Sorry if this post is all over the place. I’m just venting as I go!
A little bit of background. I have two DSs, eldest is 2.5 and youngest turned 1 last week.
I’ve found the past 9 months really tough. My mental health took a dive when pregnant but I felt so much better when DS2 was born. And found the first 3-4 months pretty easy. I really believed that going from 1-2 was easier than 0-1.
Then DS2 started rolling, crawling. Desperately wanting to get on the move to catch up with his older brother. I just found as every week went by my spirit was breaking more and more. DS just had no chill and the whinging and crying was hurting my soul.

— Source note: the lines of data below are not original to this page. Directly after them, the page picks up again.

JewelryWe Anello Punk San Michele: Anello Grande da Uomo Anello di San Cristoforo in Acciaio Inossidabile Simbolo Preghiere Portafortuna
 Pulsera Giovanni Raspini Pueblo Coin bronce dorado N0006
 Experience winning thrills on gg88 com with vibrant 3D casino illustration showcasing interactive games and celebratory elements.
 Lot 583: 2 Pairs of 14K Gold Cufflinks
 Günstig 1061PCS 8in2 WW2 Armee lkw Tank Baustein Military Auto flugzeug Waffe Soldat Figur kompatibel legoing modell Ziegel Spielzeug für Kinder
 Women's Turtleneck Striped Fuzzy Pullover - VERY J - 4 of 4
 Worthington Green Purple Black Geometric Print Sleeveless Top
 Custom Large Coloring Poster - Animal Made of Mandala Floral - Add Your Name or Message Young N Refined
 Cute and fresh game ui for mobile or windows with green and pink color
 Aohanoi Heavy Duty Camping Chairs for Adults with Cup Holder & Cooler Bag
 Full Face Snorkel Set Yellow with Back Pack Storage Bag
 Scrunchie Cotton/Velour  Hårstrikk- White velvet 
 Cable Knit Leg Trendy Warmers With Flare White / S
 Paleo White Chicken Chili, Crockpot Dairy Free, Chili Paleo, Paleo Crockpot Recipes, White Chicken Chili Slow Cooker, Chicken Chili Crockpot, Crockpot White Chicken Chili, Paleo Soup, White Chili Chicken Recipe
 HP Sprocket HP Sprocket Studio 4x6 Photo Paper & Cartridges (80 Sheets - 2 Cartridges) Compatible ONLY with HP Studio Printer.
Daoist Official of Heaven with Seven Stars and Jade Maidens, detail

Things with DS2 levelled out around December when he could properly walk and keep up. And although tired (thanks to illness, teething, sleep etc) I finally felt like there was a light at the end of the tunnel. And then these past two weeks I’ve been filled with rage. I don’t really know what else to call it. I didn’t feel like this with DS1, although I fell pregnant with DS2 a couple of weeks after his 1st birthday. I’m just really taken aback.
This week has been tough due to DS1 getting chickenpox. So he hasn’t been to nursery since Monday and has been bored out of his mind. Luckily he hasn’t been poorly! DS2 started nursery this week and has settled in really well, but I think the tiredness has caught up with him, along with teething (also expecting him to get chickenpox but no sign just yet). But today has just been horrendous with them both having tantrums one after another. And I’ve felt like a gasket ready to blow. As the title says it’s been building over the past couple of weeks but I’m now concerned.
Has anyone else felt like this a year postpartum? I can’t take anti depressants as they interact with my Epilepsy meds. I’ve already spoken to a GP who’s going to order a blood test as they think my B levels could be low due to the Epilepsy meds and this could be contributing to the rage feeling. I just feel really lost and rubbish atm. And wasn’t expecting to feel like this 51 weeks postpartum!